# [DIRECTIONS FOR THIS TASK]
From the first line down to the one containing "Technical Stretch Fabric", reproduce the entries below exactly and leave out the pictures.

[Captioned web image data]

:::

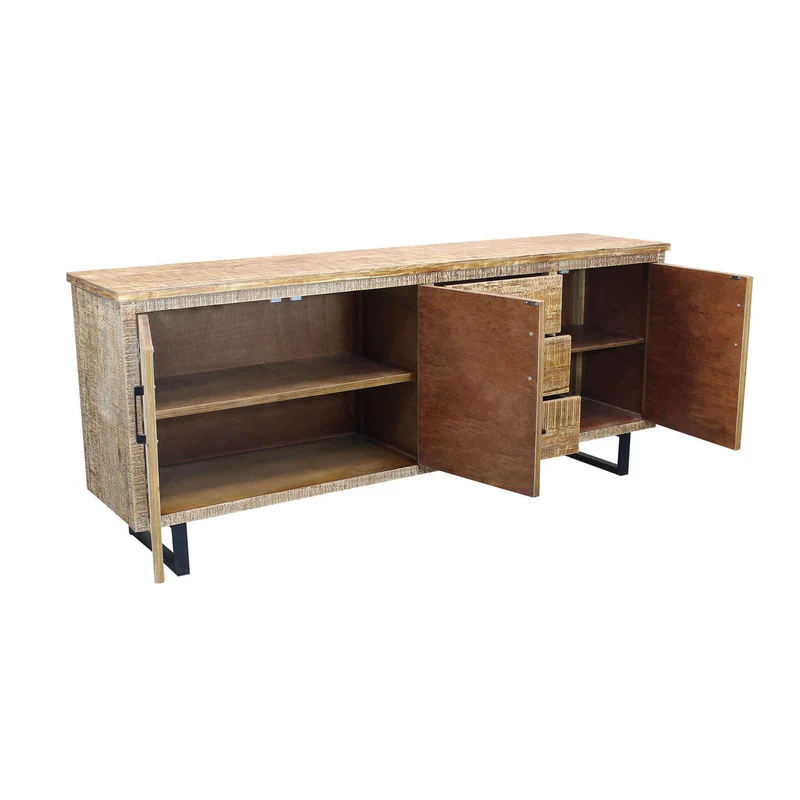 Madia a tre ante e tre cassetti in Legno Metallo cm 200x45x83 - MARTIE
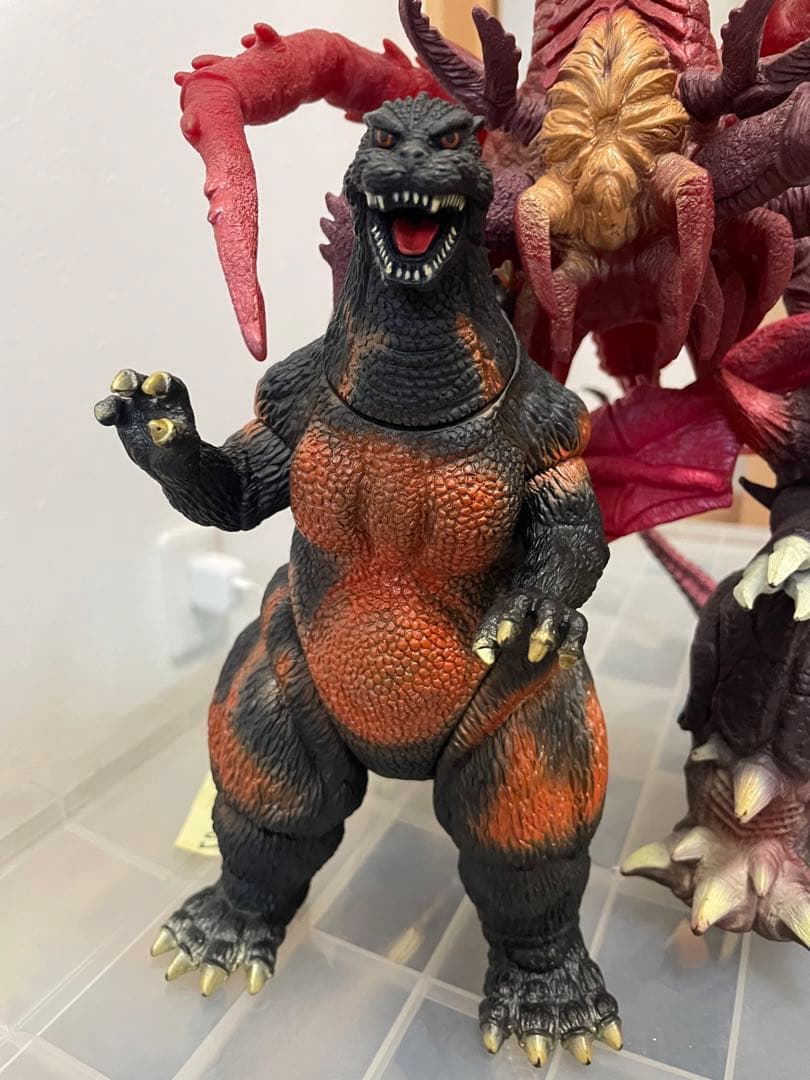 バーニングゴジラ デストロイヤ集合体 完全体セット ソフビ 当時物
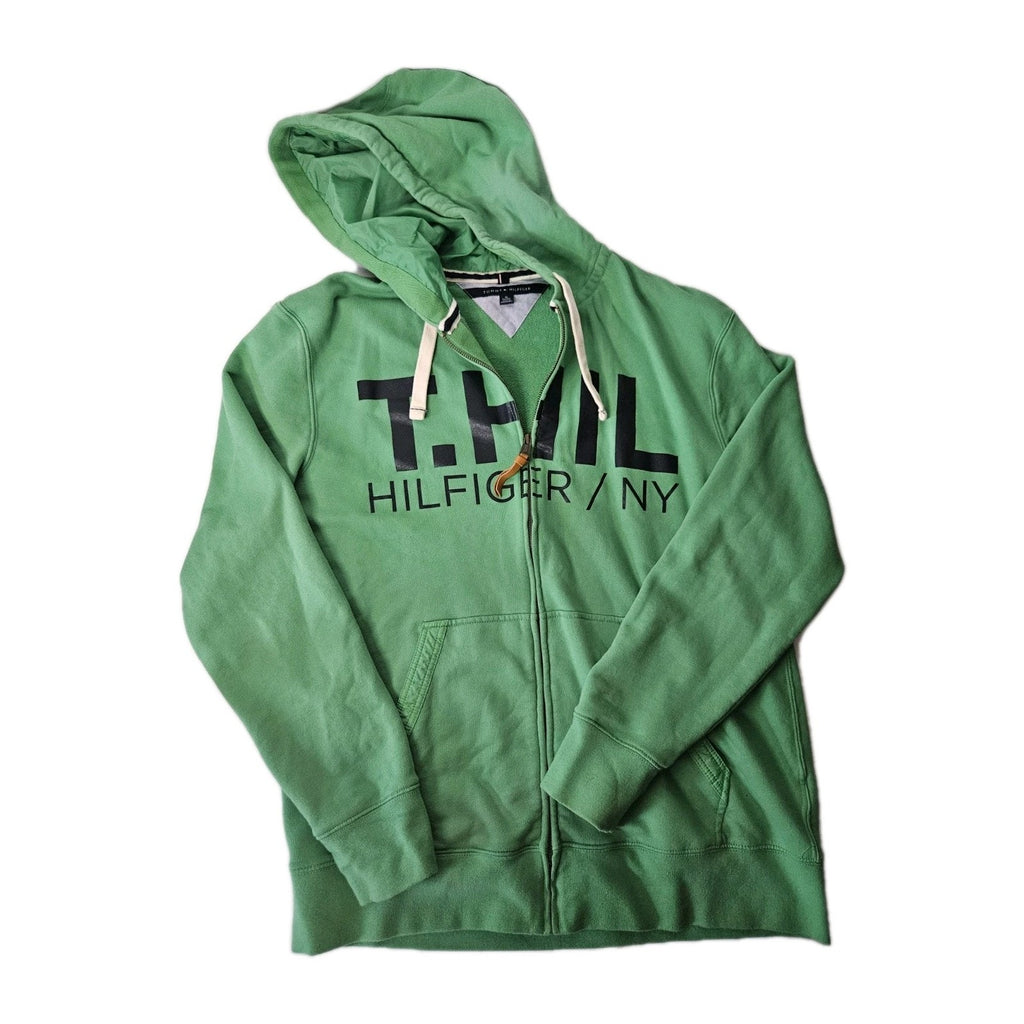 Tommy Hilfiger Men's Big Logo Full Zip Hoodie Size XL Green Navy Letters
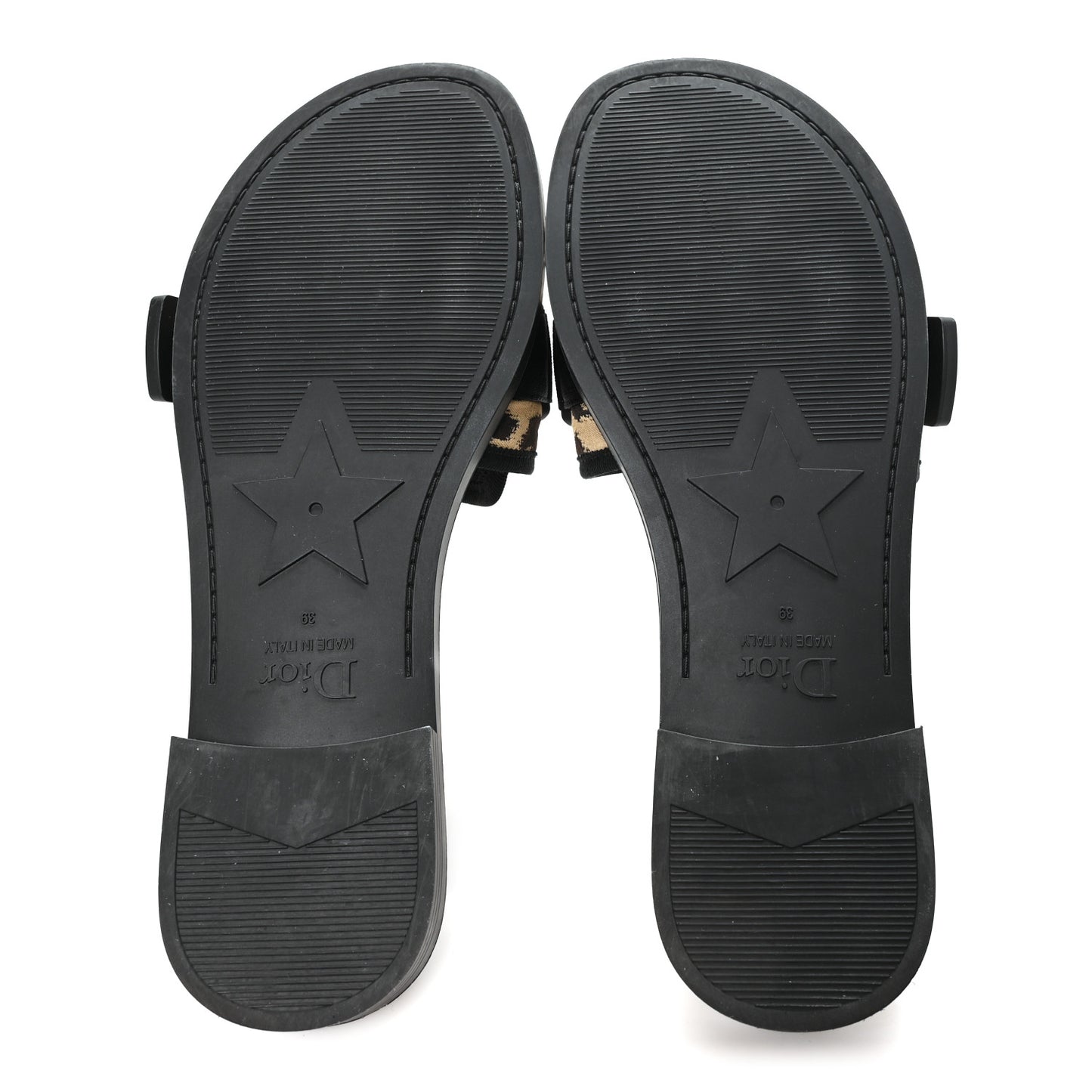 Technical Stretch Fabric Leopard Dio(r)evolution Slide Sandals 39 Black Natural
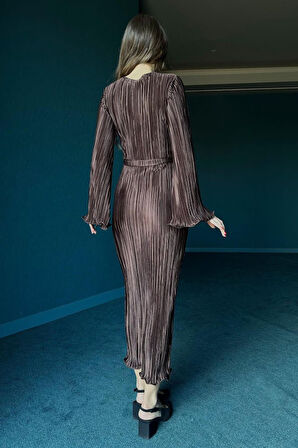 leyla sanat sanata yeni bir bakış açısı Kahverengi İspanyol Kol Piliseli Elbise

:::

# [FINISHED EXERCISE]
 Madia a tre ante e tre cassetti in Legno Metallo cm 200x45x83 - MARTIE
 バーニングゴジラ デストロイヤ集合体 完全体セット ソフビ 当時物
 Tommy Hilfiger Men's Big Logo Full Zip Hoodie Size XL Green Navy Letters
 Technical Stretch Fabric Leopard Dio(r)evolution Slide Sandals 39 Black Natural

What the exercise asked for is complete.